Writing and Story: B

Acting and Casting: B

overall: B

This movie has a big twist, and I will try not to spoil it. Some people may watch for the first time since the fictitious year of the movie has passed. Did we do better or worse than Soylent Green IRL? I don't know, but have you tried that Lloyd’s BBQ stuff? That is some really tasty stuff right there.

There is nothing quite like this sort of "sloppy" 70s sci-fi style. It works well for the dystopian angle because you can imagine that the future devolved into the 1970s. Chuck Heston is always sort of a ham, but you can enjoy the meme value of his "intensity" as you can with other Heston sci-fi leads. Edward G. Robinson is great in this and delivers some genuinely touching moments. At the time, it was more original and less predictable, but it isn't about that.

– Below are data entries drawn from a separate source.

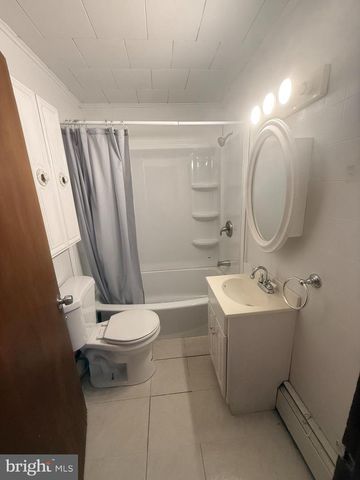 329 N FRONT ST, Minersville, PA 17954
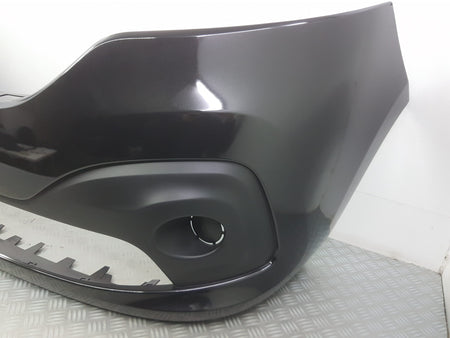 PARE CHOC AVANT RENAULT TRAFIC III NEUF FRANCE BUMPER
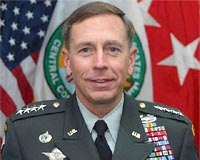 Top US general takes tour to Afghanistan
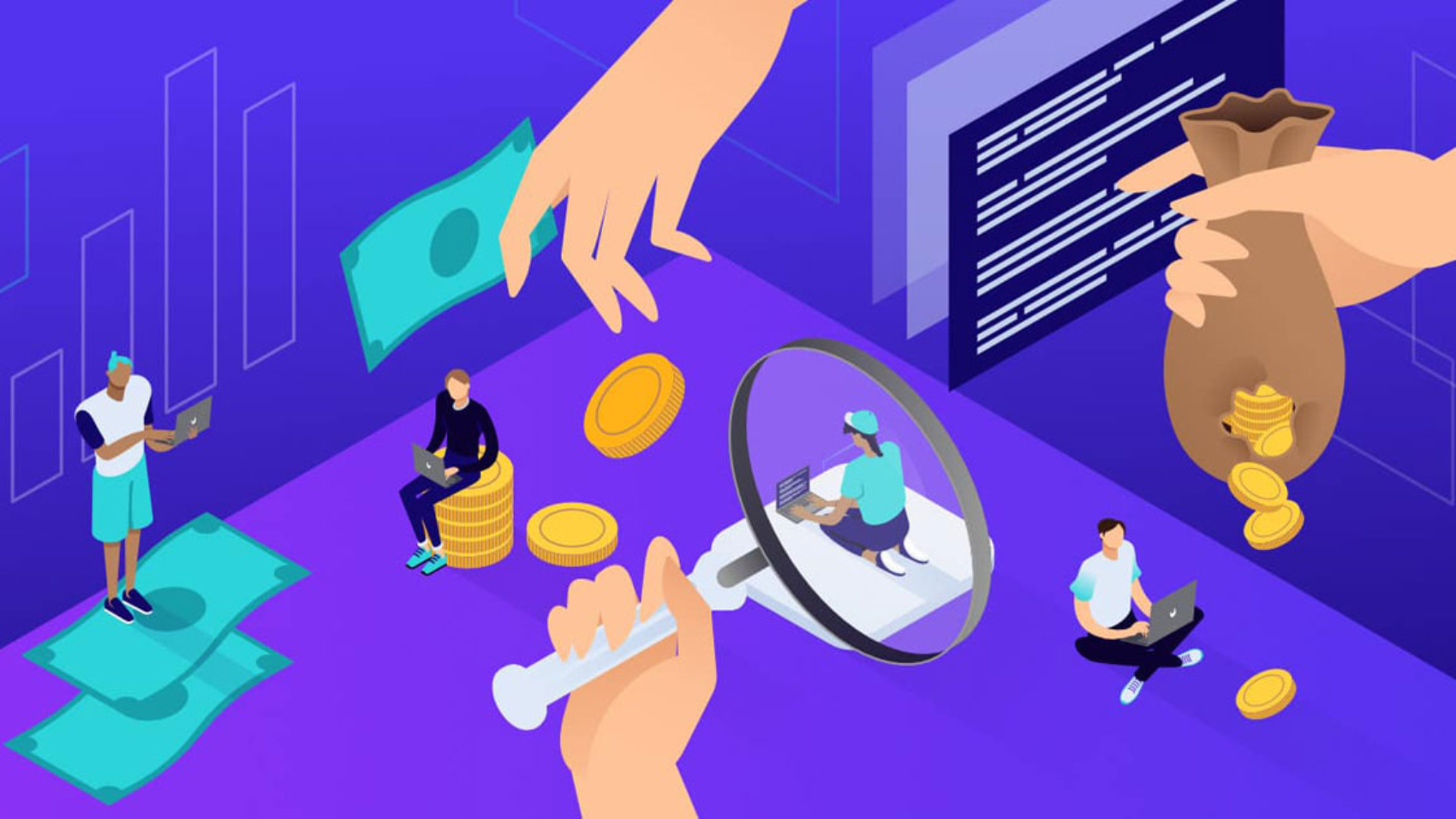 Web Designer Salary in Pakistan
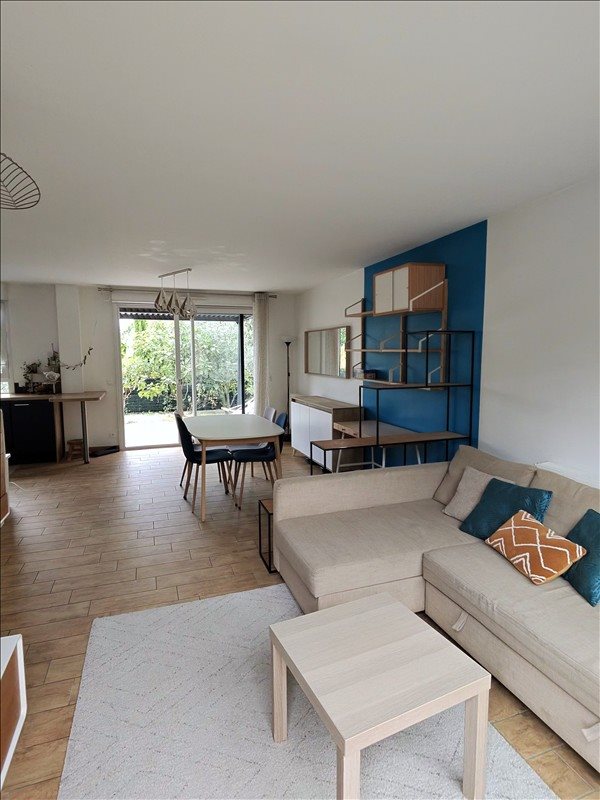 Maison à louer, 82m², Champigny-sur-Marne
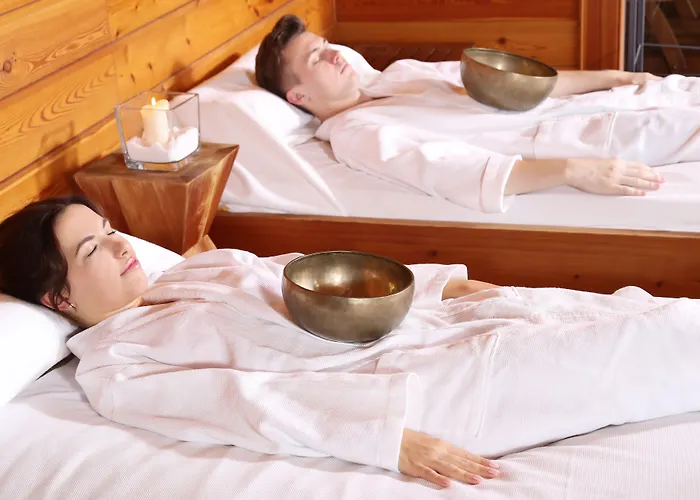 Balnea Superior - Terme Krka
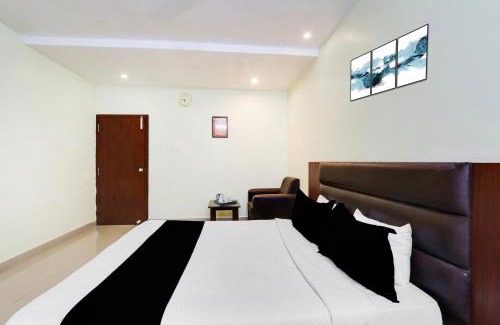 Vijayawada Hôtel | Super Townhouse Gudivada Formerly Sistla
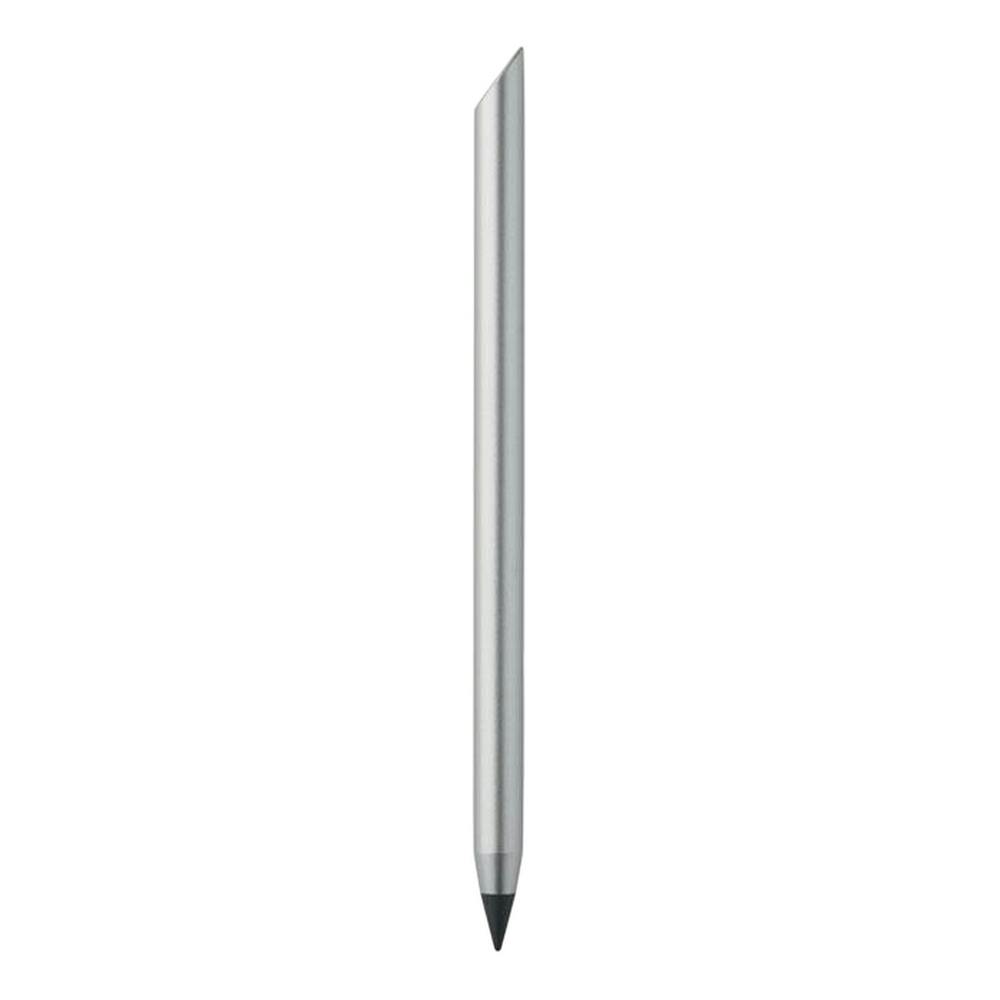 Midocean Silver Penever Long Lasting Pencil - Matt - One Size - Matt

It is about experiencing this weird 70s movie.

The 70s was a particularly unoptimistic time in the US, and the cinema of the decade reflects that in a very on the nose way.

I will admit, I stretched the bounds of my ranking system, and did some "curve grading" to make this a B, but this is totally worth seeing just to see it. You may get some laughs out of the ways it is outdated, but thanks to Edward G. Robinson really selling it, you may genuinely feel something too.

I also get that Charlton Heston became known in his later years for not voting correctly, to put it in a nutshell, but finding an old copy of this laying around somewhere and putting it on for a few laughs isn't going to "support" anything or make you less of a person.